Decaborane(14) is a weak Brønsted acid. Monodeprotonation generates the anion [B_{10}H_{13}]^{−}, with again a nido structure.

In the Brellochs reaction, decaborane is converted to arachno-CB9H14-:
B10H14 + CH2O + 2 OH- + H2O -> CB9H14- + B(OH)4- + H2

==Possible applications==
Decaborane has no significant commercial applications, although the compound has often been investigated. It and its derivatives were investigated as an additive to special high-performance rocket fuels. Its derivatives were investigated as well, e.g. ethyl decaborane.

Decaborane is an effective reagent for the reductive amination of ketones and aldehydes.

Decaborane has been assessed for low energy ion implantation of boron in the manufacture of semiconductors. It has also been considered for plasma-assisted chemical vapor deposition for the manufacture of boron-containing thin films. In fusion research, the neutron-absorbing nature of boron has led to the use of these thin boron-rich films to "boronize" the walls of the tokamak vacuum vessel to reduce recycling of particles and impurities into the plasma and improve overall performance.

==Safety==
Decaborane, like pentaborane, is a powerful toxin affecting the central nervous system, although decaborane is less toxic than pentaborane. It can be absorbed through skin.
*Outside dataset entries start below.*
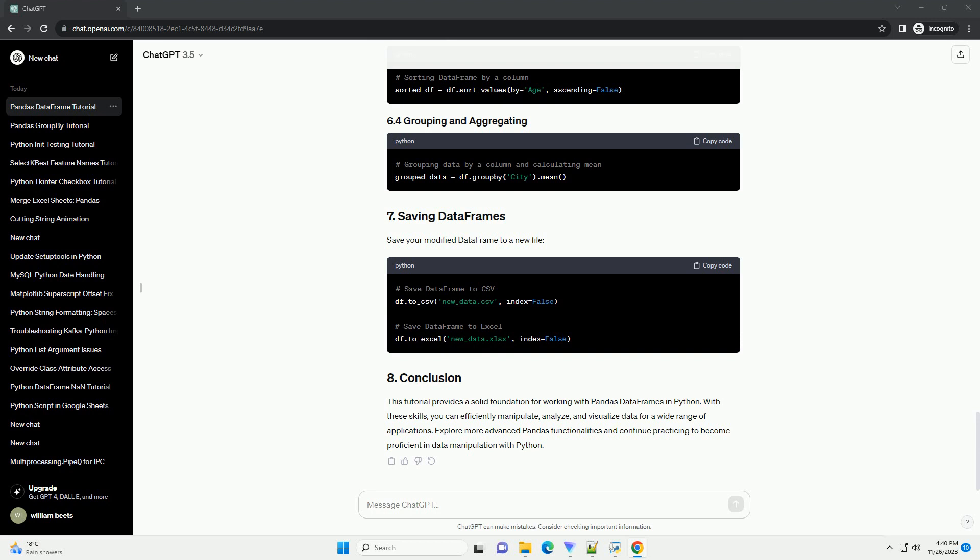This tutorial provides a solid foundation for working with Pandas DataFrames in Python. With these skills, you can efficiently manipulate, analyze, and visualize data for a wide range of applications.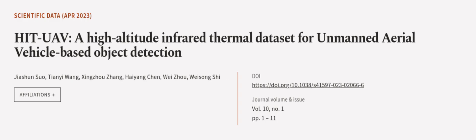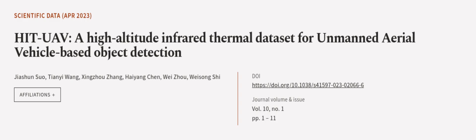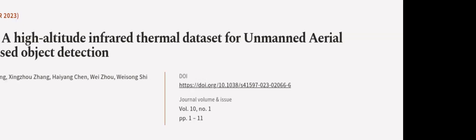This article was authored by Jiaxuan Suo, Tianyi Wang, Xingzhu Zhang, and others. We are article.tv, links in the description below.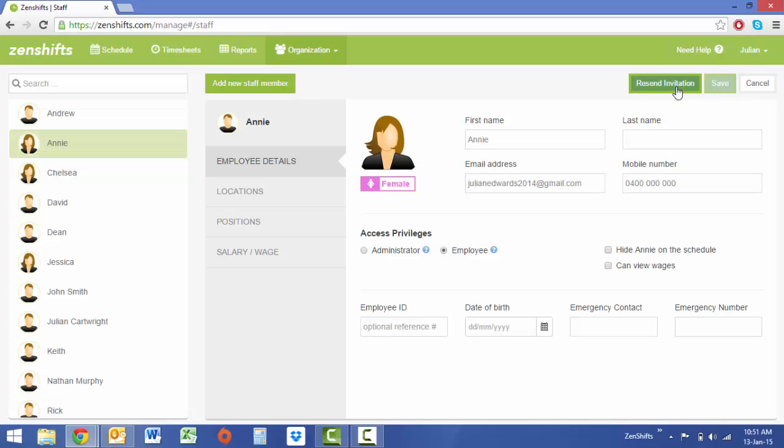Once this step has been completed, your administrator account and all of your employees will now be ready to import their own availabilities well in advance, making your rostering job far easier.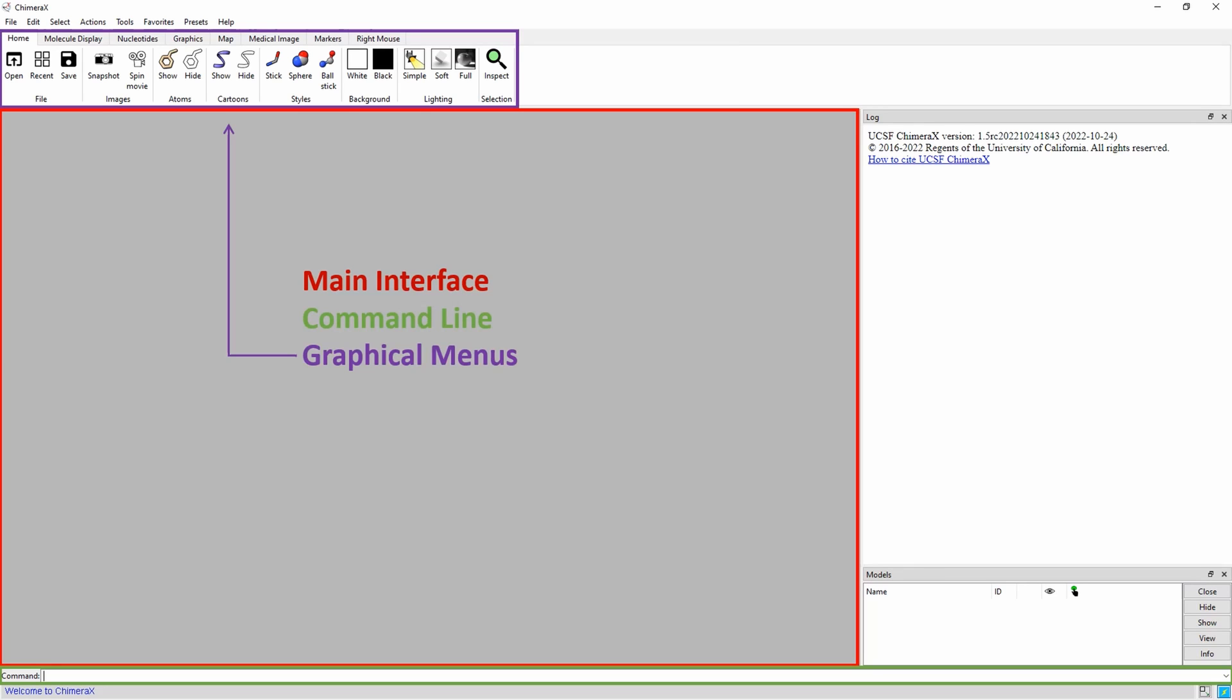The graphical menu, highlighted in purple, contains settings which primarily change how the model is displayed and visualized. Note that on Macs, these menus are not organized in the same way, but still contain the same options.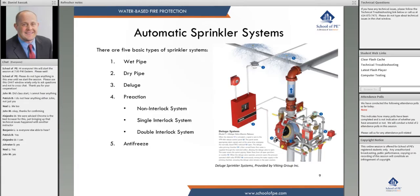Just to go over the types of automatic sprinkler systems quickly — there are five basic sprinkler systems. More detailed notes are in the notes we provide, and we try to provide pictures where we can.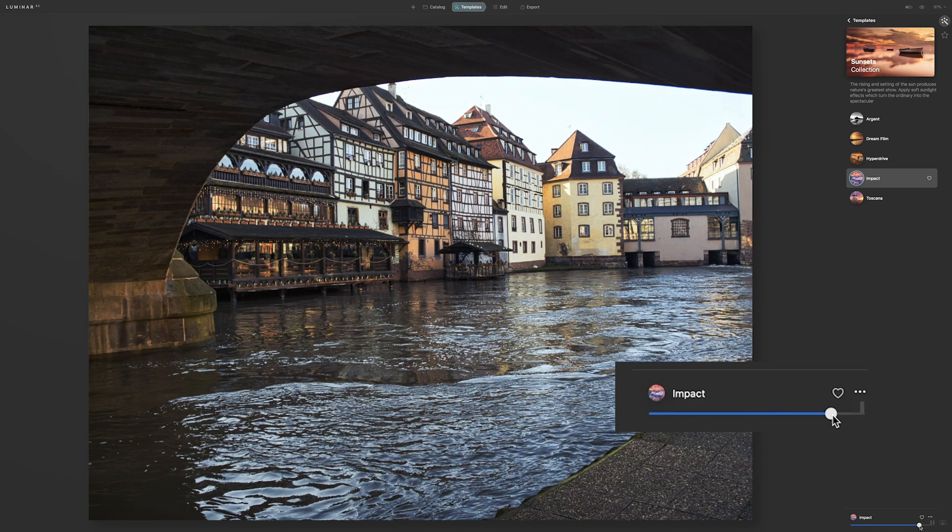One thing I forgot to mention: down here there is a slider where you can lower the amount of effect from the template, so there are lots of possibilities. I really like the approach Luminar AI has taken, because as they said, the biggest problem in image editing for most people is not knowing where to start. For me, after so many years, it's not a problem — but if you're new to photography and image editing, it can be overwhelming. All digital images need some editing.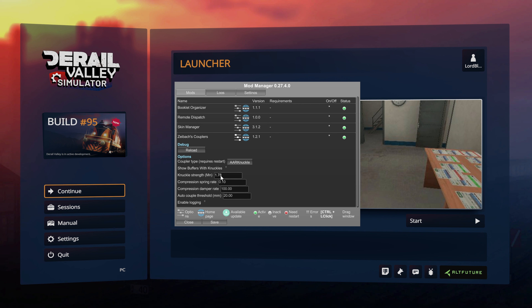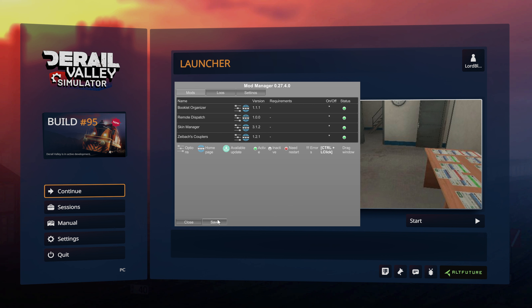The other options you see are more advanced and you probably don't need to touch them. They're fine by default — these only need to be changed for special usage cases. You can also enable logging if you're having problems. That's pretty much it for configuring the couplers — go ahead and hit Save.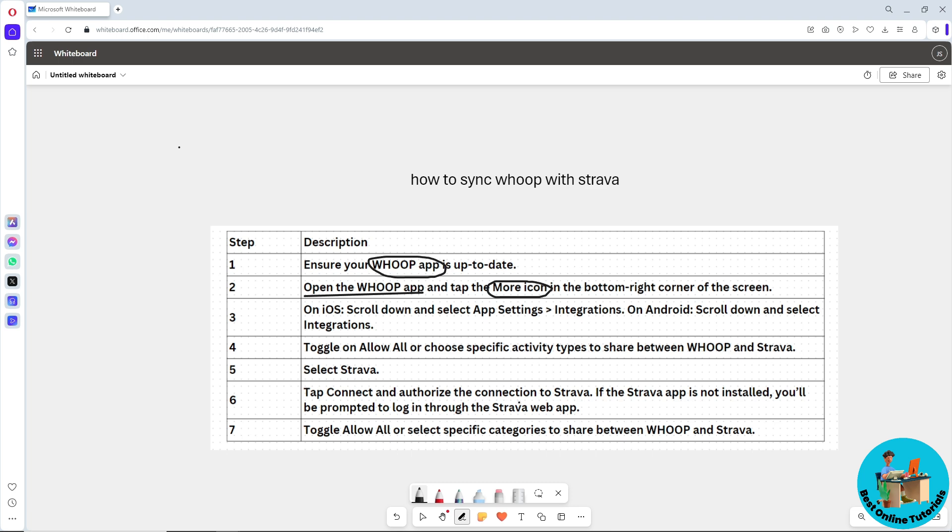On iOS, scroll down and select App Settings. From there you should see Integrations. If you're using Android, scroll down and select Integrations.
Purification by sublimation require a dynamic vacuum to remove evolved gases. Crude samples explode near 100 °C.

It forms an explosive mixture with carbon tetrachloride, which caused an often-mentioned explosion in a manufacturing facility.

In crystalline form, it reacts violently with red and white fuming nitric acid which has a use as rocket fuel oxidizer, producing an extremely powerful detonation.